Giovanni Dalle Fabbriche
 

Ottanta ragazzi del territorio in Europa

Alla presenza di oltre 150 persone, si è svolto venerdì 22 maggio u.s. a Persolino l’incontro di tutti i partner della rete territoriale, che, con il progetto Il mio futuro è l’Europa, si propone di incentivare la mobilità internazionale dei ragazzi come valido strumento per innovare l’offerta formativa tecnico-professionale del territorio, favorendo occasioni di alternanza scuola-lavoro nelle modalità di tirocini formativi in Europa e allineando i profili in uscita alle vocazioni del territorio, sempre più orientate all’internazionalizzazione delle proprie attività.

Chi sono i partner Il Mobility Consortium Erasmus + trova il proprio significato fondamentale nella partecipazione dei diversi partner che lo compongono, oltre al profilo tecnico del capofila Educazione all’Europa. A partire dalla forte rappresentatività dell’economia cooperativa, con la Fondazione Giovanni Dalle Fabbriche e il Credito cooperativo ravennate e imolese che sosterranno le scuole, dando continuità ad un impegno sul fronte della mobilità europea che risale al 2008, con già 90 giovani partiti per l’Europa e tante storie di successo da raccontare.
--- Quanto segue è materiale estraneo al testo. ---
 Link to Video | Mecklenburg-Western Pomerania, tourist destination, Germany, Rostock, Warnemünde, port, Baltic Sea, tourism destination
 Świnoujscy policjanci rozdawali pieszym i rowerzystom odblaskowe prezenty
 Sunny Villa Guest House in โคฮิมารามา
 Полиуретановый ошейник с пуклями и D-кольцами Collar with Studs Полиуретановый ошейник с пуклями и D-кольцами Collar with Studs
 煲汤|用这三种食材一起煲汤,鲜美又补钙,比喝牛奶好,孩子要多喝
Sono 5 le scuole in rete, che insieme si rivolgono ad un ampio pubblico di giovani della Provincia di Ravenna e del Circondario imolese, nello specifico: I.T.C. Ginanni – Ravenna, Polo Tecnico Professionale – Lugo, I.T.C. Oriani – Faenza, I.P. Persolino-Strocchi – Faenza, I.S.I. Scarabelli-Ghini – Imola.
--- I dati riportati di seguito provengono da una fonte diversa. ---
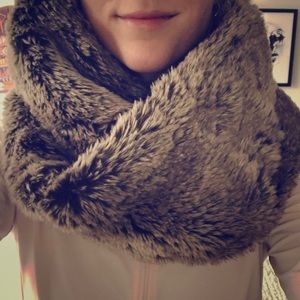 Ann Taylor Neck Warmer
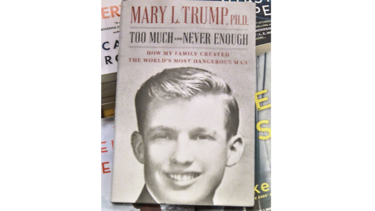 Libro de la sobrina de Trump vende casi 1 millón de copias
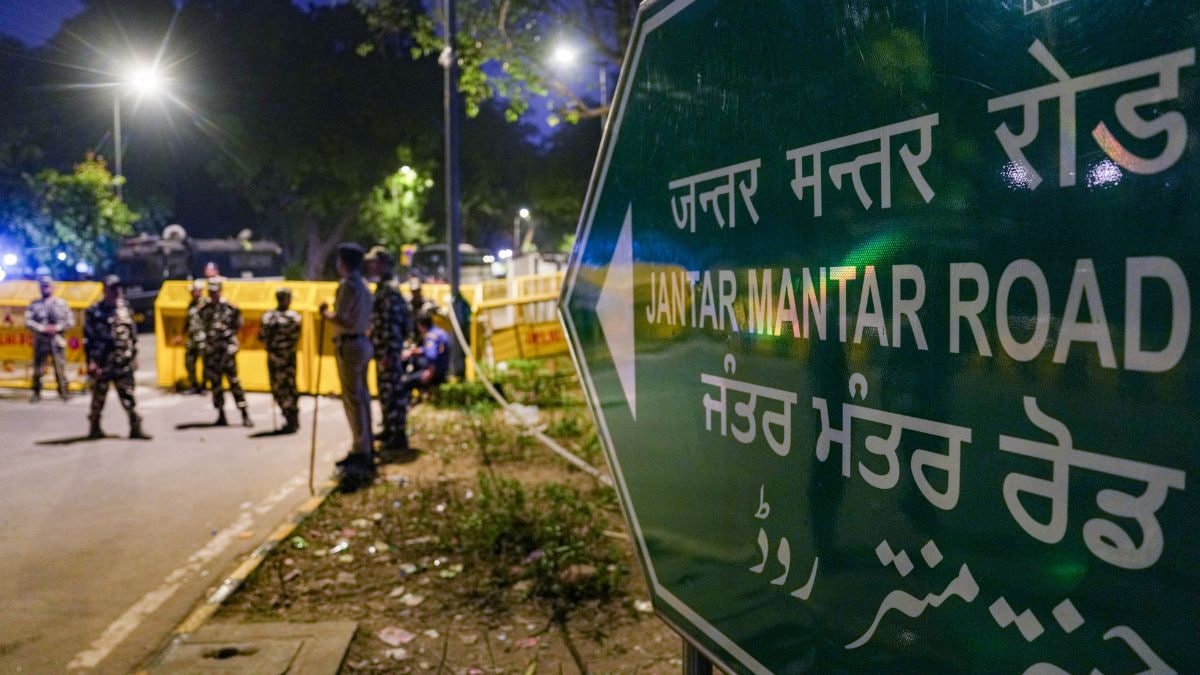 Security personnel keep a vigil at Jantar Mantar road after a protest call by CJP against Chief Election Commissioner (CEC) Gyanesh Kumar over alleged electoral roll irregularities, in New Delhi | PTI 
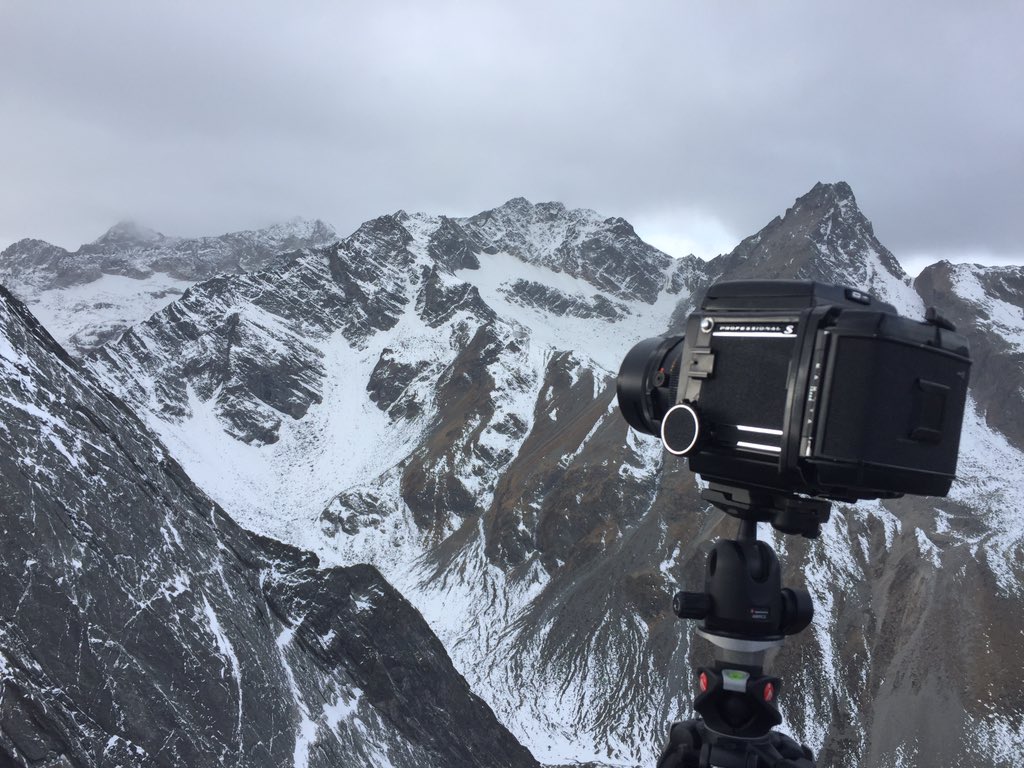 lukasennemoser's tweet photo. shooting with a mamiya #rb67 on the #oetztal mountains! #windy #snow #analog #photography https://t.co/HPIDBh9KWS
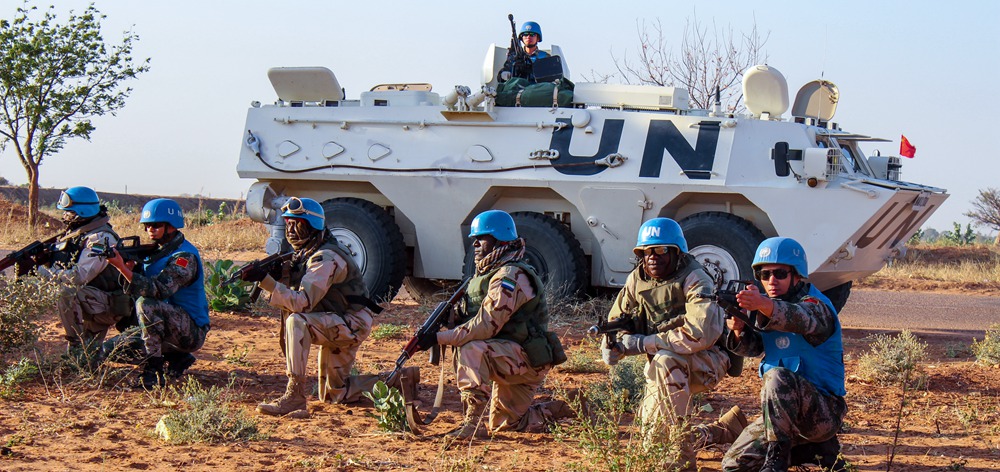 我們?yōu)楹推蕉鴣?lái)——中國(guó)維和官兵代表訪(fǎng)談錄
Quanti tirocini in Europa per gli studenti Tra giugno e agosto di quest’anno 77 studenti delle IV e V superiori delle scuole partner del progetto, partiranno per l’Europa per esperienze di tirocini formativi di 4 oppure 8 settimane in imprese europee e formazione linguistica e culturale, dopo una fase significativa, svolta in Italia, di educazione all’Europa, orientamento professionale e alla mobilità. Sono cinque i paesi europei di destinazione: Regno Unito, Francia, Germania, Spagna, Malta.
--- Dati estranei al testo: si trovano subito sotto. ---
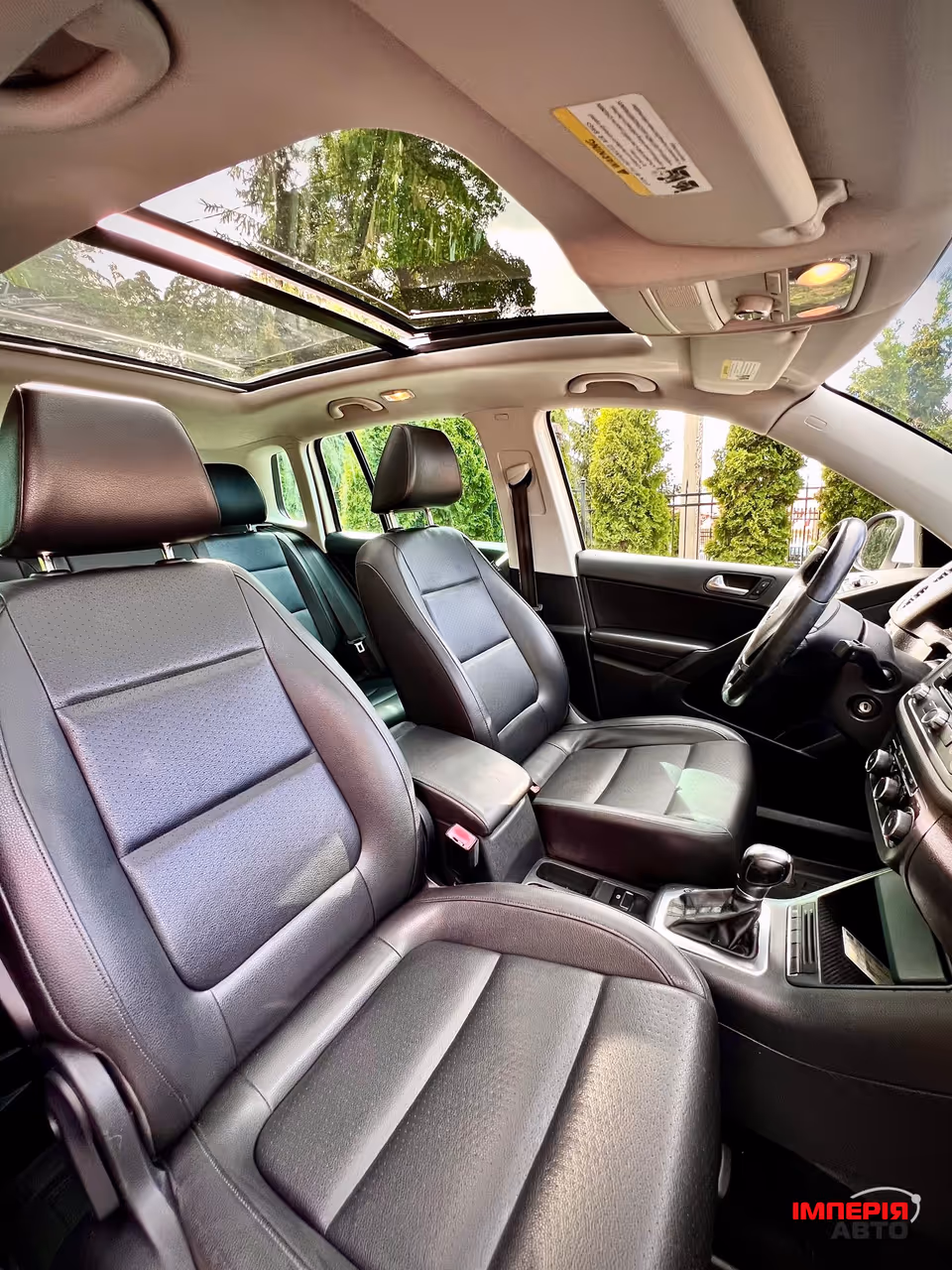 Volkswagen Tiguan - фото 16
Le risorse finanziarie messe in campo Significative sono anche le risorse finanziarie che il Progetto è riuscito a far confluire a favore dei giovani del territorio (senza oneri a proprio carico), risorse pari a € 380.000,00 a fronte di un iter selettivo che – su 287 proposte progettuali presentate a livello nazionale – ha visto approvati solo 99 progetti in tutta Italia. Di queste risorse finanziari ben 232.000,00 € confluiranno nelle azioni di mobilità per le scuole organizzata con il sostegno della Fondazione e della Banca, una boccata d’ossigeno per sostenere progetti innovativi all’interno dell’offerta formativa del territorio. Le scuole del nostro territorio saranno le prime in Emilia Romagna a far partire propri studenti con il Programma Comunitario Erasmus plus.